Whirlpool baths are also known as spa baths and, incorrectly, as Jacuzzis. Jacuzzi is the name of a specific brand of whirlpool bath in the same way that Hoover is the name of a specific brand of vacuum cleaner.
They are baths which use jets to create a swirling motion in the water, similar to that of a whirlpool.
This means that, in addition to the benefits of a standard bath, they also provide a very gentle massage. Because whirlpool baths are so strongly associated with the health and wellness industry (and, in particular spas), there is some degree of perception that their primary use is for relaxation and stress relief.
This image may well be influenced by the fact that TV programmes and films routinely show them in this context. In reality however, the element of massage has very compelling medical benefits for the body as well as the mind, which is why whirlpool baths are also found in many gyms and prescribed by sports trainers and those who manage the fitness of elite sports people. At this time, there has been very little formal research undertaken into the benefits of whirlpool baths in and of themselves.
The Journal of Physical Therapy Science (a U.S.-based publication) did, however, publish an article titled “The Effects of a Warm Whirlpool Bath on Pain and Stiffness of Patients with Chronic Stroke Induced Knee Osteoarthritis”, which concluded that patients who received treatment in a whirlpool bath showed that “the whirlpool treatment was more effective at reducing stiffness” and concluded that “Immersion of the lower extremities in a whirlpool bath was beneficial for patients with chronic stroke-induced knee osteoarthritis.”.
This study is, of course, specific to one particular condition, but does help to provide validation for the use of whirlpool baths in sports and as a way to provide gentle treatment for joint- and/or muscle-related conditions in general. Ultimately whirlpool baths provide a combination of heat and massage, both of which have recognized health benefits. The fact that heat improves muscle flexibility and can help to reduce muscular pain has been known anecdotally for decades if not more.
Back in the early 1970s, Bikram Choudhury created Bikram Yoga, which was specifically intended to be practiced in a hot room to release toxins from the body and to help with muscle flexibility.
Since then, various other forms of “hot yoga” have been developed for much the same reason. Athletes with mild, highly localized muscle injuries automatically reach for muscle spray or muscle rub, which produces immediate heat right where it hurts.
Muscle injuries which relate to a larger area can be treated with heated pads or the old favourite of the hot water bottle. Whirlpool baths can literally provide heat to the whole body at once.
Over recent years, scientists have started to take an interest in determining whether the anecdotal experience of yoga practitioners, athletes and the medical staff who support them, can actually be supported with scientific evidence.
Back in 2013, the Medical Science Monitor (also a U.S.-based publication), published a study on the effect of heat on muscular flexibility.

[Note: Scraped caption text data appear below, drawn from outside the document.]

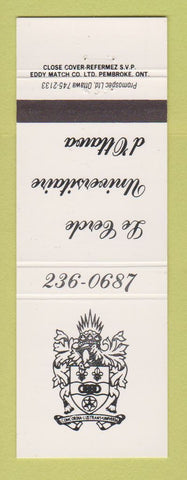 Matchbook Cover - Le Cercle University of Ottawa ON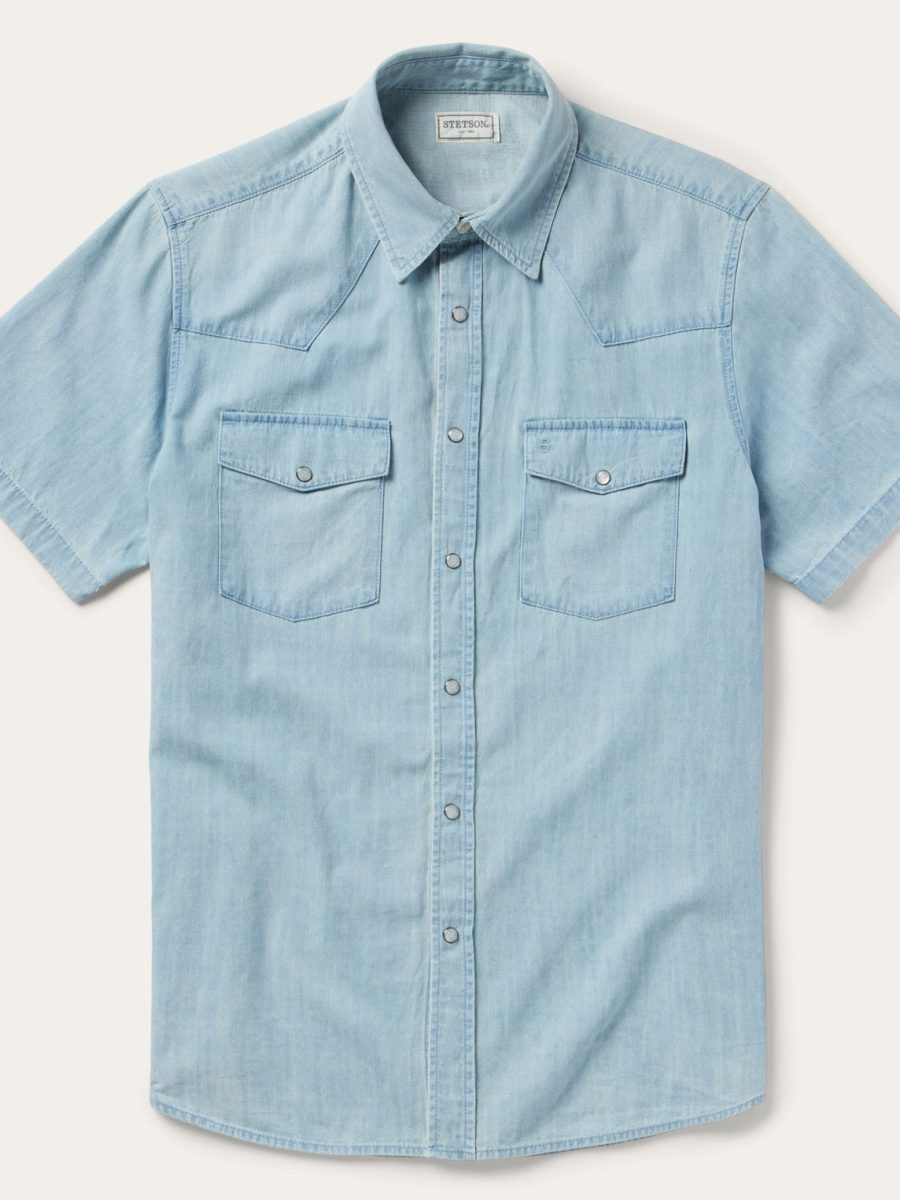 Chambray Oxford Short Sleeve Western Shirt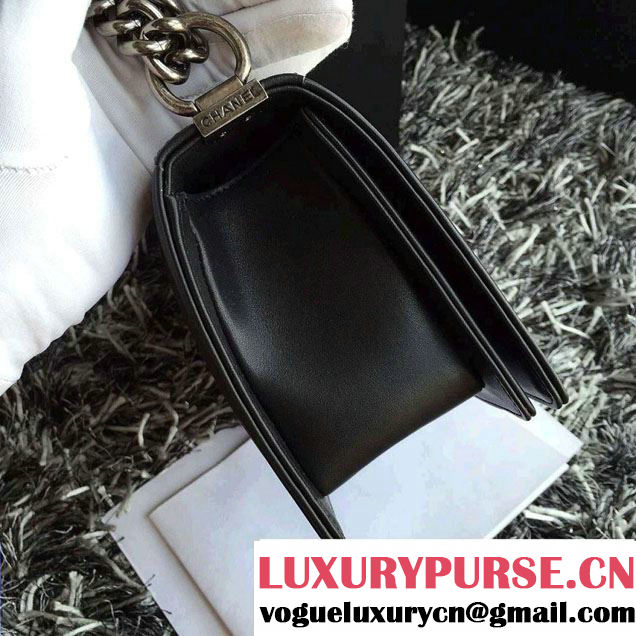 Chanel Embossed Paris-Salzburg Boy Flap Old Medium Bag Black 2015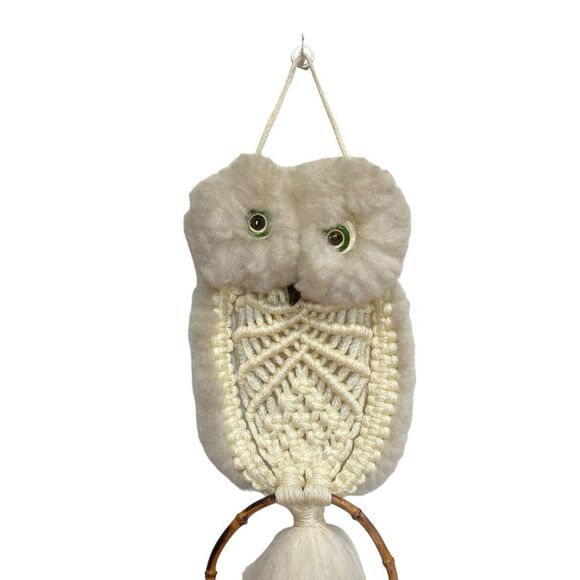 Large Macrame Owl Hanging Vintage Retro 70s Handmade Mid-Century Modern MCM - Picture 2 of 14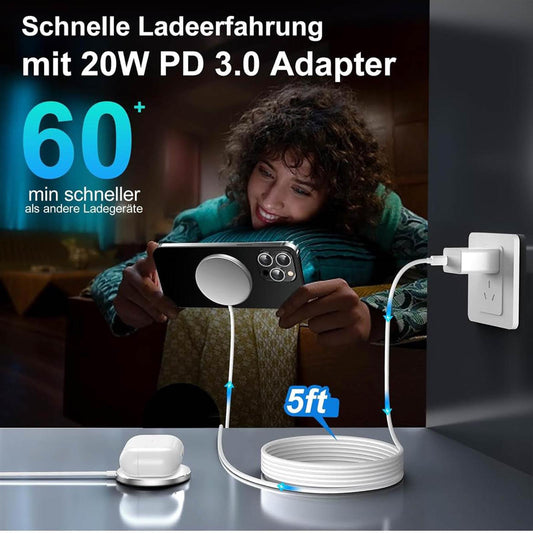 Meifigno Magnetische Wireless Charger, 15W, Ladegerät, 20W USB C PD Adapter, Mag-Safe, 5FT Kabel, für iPhone 15/14/13/12, AirPods Pro, Silber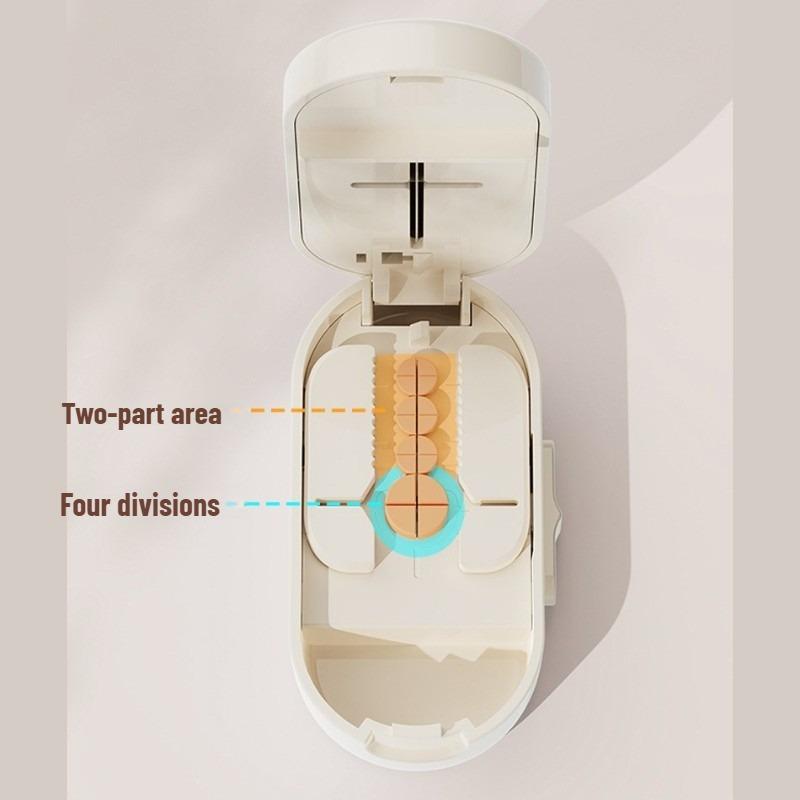 2-in-1 Portable Pill Cutter – Adjustable 1/2 & 1/4 Tablet Splitter with Sharp Blade for Small Pills, Travel & Home Use Pill Box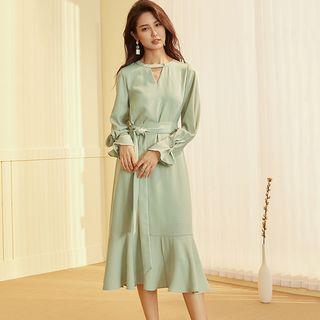 Long-sleeve A-line Chiffon Dress With Sash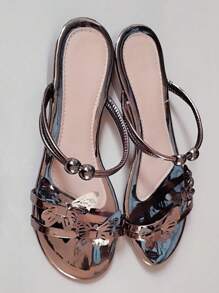 Women Flat Sandals - 灰色 - 查看 1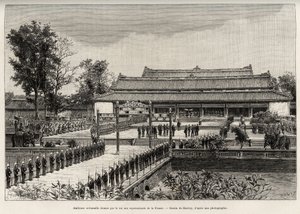 Udienza solenne data dal re Dong Khanh (1864-1889) imperatore di Annam ai rappresentanti della Francia nella città imperiale di Hue (Vietnam). Incisione di Thiriat, per illustrare la storia 
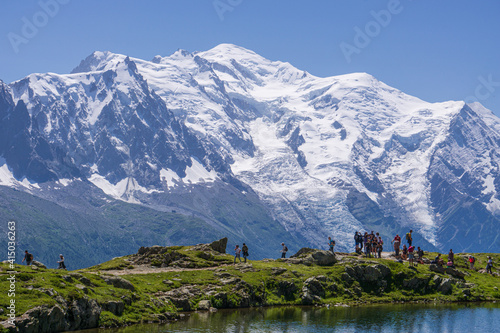 The alps and the nature of mont blanc seen during a beautiful summer day near the village of Chamonix, France - August 2020.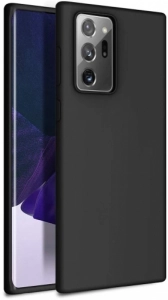 Samsung Galaxy Note 20 Ultra Kılıf Liquid Serisi İçi Kadife İnci Esnek Silikon Kapak - Siyah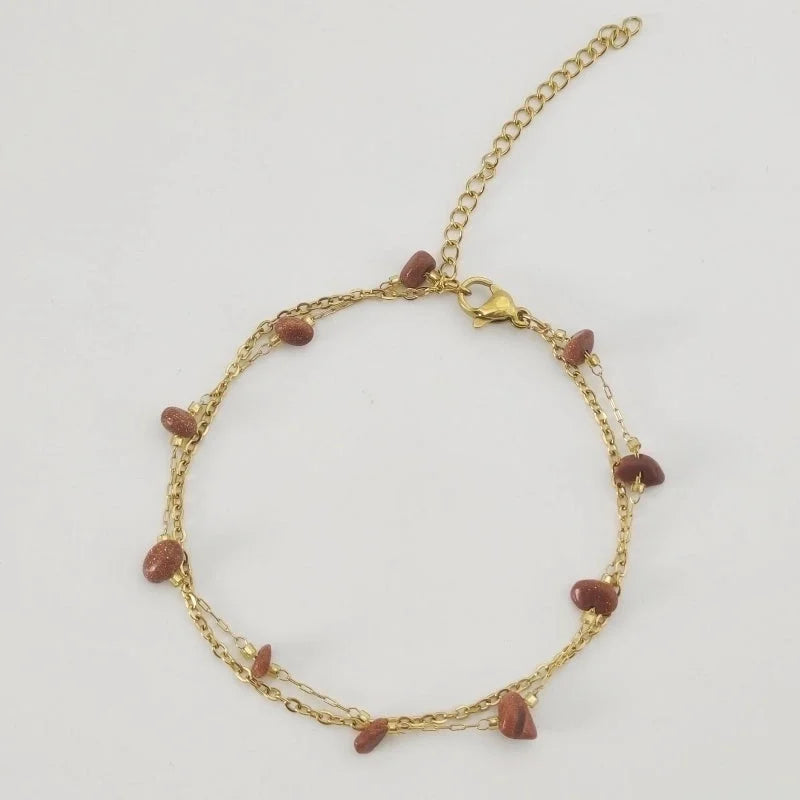 Elegant Beach Minimalist Geometric Crystal Gravel 18K Gold Plated Bracelets In Bulk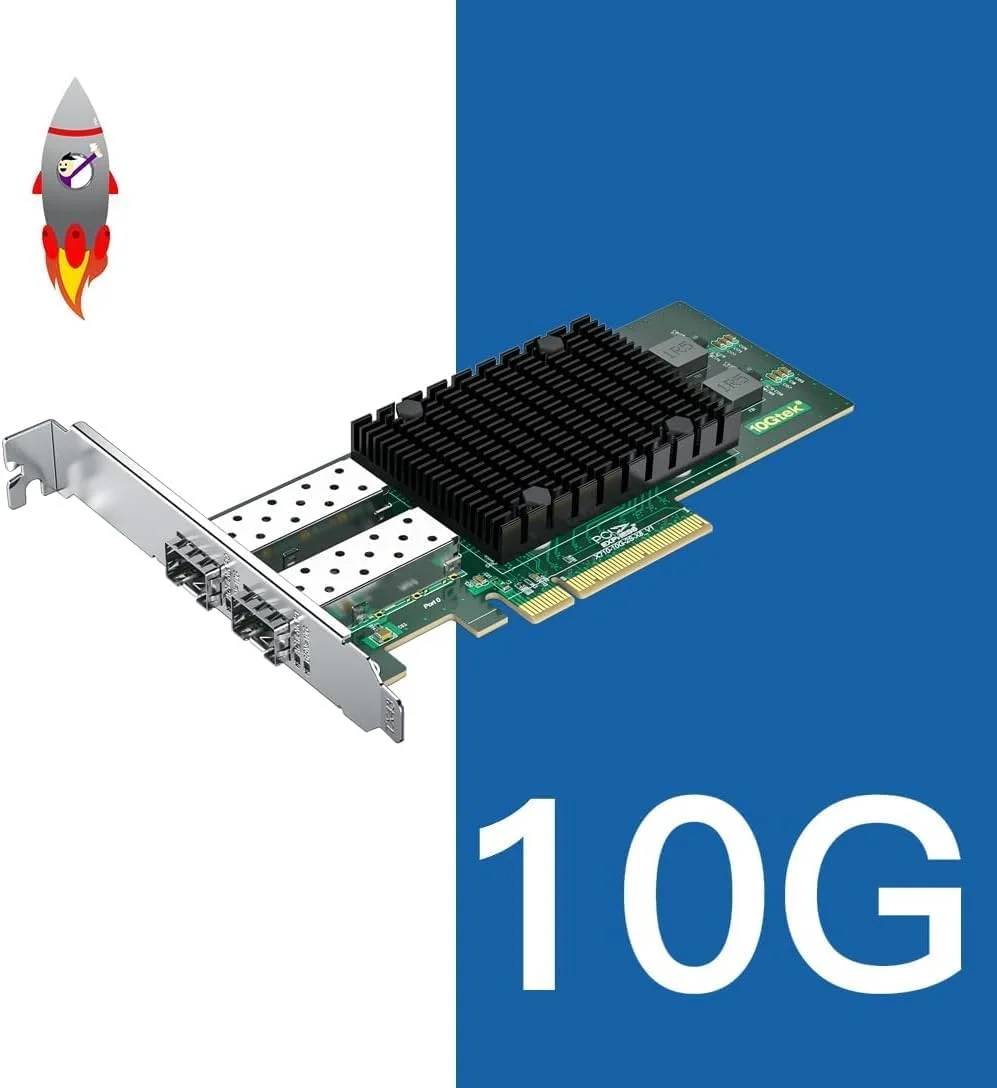 کارت شبکه دوگانه SFP PCI-e 10Gb H!Fiber.com با تراشه Intel X710-BM2، پورت 2*10Gbe SFP+، کارت شبکه 10G، پشتیبانی از Windows Server/Linux/VMware Esxi، قابل مقایسه با Intel X710-DA2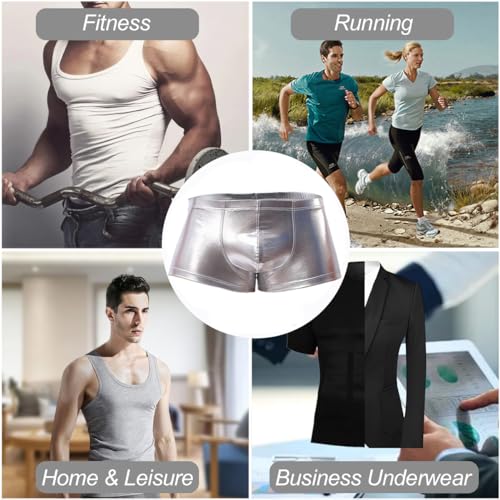 LuckyMoon Men's Shiny Boxer Shorts, Elastic Liquid Metallic Boxer Briefs, Low Waist Men's Sexy Boxer, Sparkly Hot Short Pants4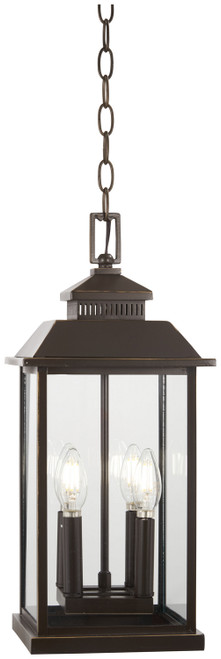 Minka-Lavery - 72594-143C - Four Light Chain Hung Lantern - Miner's Loft - Oil Rubbed Bronze w/Gold Highlights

The study found that “Heat is beneficial in increasing muscle and ligament flexibility and may help reduce athletic injuries”. Of course, any bath can be filled with hot water and heat can be provided in a variety of other ways.
The defining feature of a whirlpool bath is the whirlpool element and the light massage it provides. Just like the use of heat, the use of massage has been a feature of sports training for many years now.
Sport massage therapists help elite sports people to deal with the rigours of training and to promote recovery from muscle strains and other forms of minor injury. General massage therapists, provide all-around mental and physical relaxation, while gently stimulating the body’s systems.
As with heat, over recent years scientists have been starting to take an interest in whether the perceived health benefits of general massage do have any scientific basis.
Hence there have been quite a number of studies into the area, although many of these studies have looked its effect on mental health rather than on physical health.
There was, however, a 2008 study into the use of massage as a treatment for lower back pain, which found that it might be beneficial and recommended further study.
This was followed by further research in 2011, which looked at 2 different types of massage and their effects on lower back pain, as compared to no treatment.
The study concluded that “Massage therapy may be effective for treatment of chronic back pain, with benefits lasting at least 6 months.”. In addition to benefitting muscles and relieving muscular pain, the key effect of massage is to stimulate the body gently. This causes the body’s systems to work more quickly.
In particular it improves blood flow and helps to increase the speed at which toxins are expelled from the body.
These include toxins such as lactic acid, the source of post-exercise muscle cramps. In short therefore, whirlpool baths combine the benefits of both gentle heat and gentle massage.
They are renowned for their stress-relieving qualities, which can be as useful to sportspeople as to the less active. They are also useful for keeping the body in good shape.
As well as promoting muscle flexibility and healing after strain or injury, they also improve circulation and help to cleanse the body thoroughly by promoting the elimination of toxins.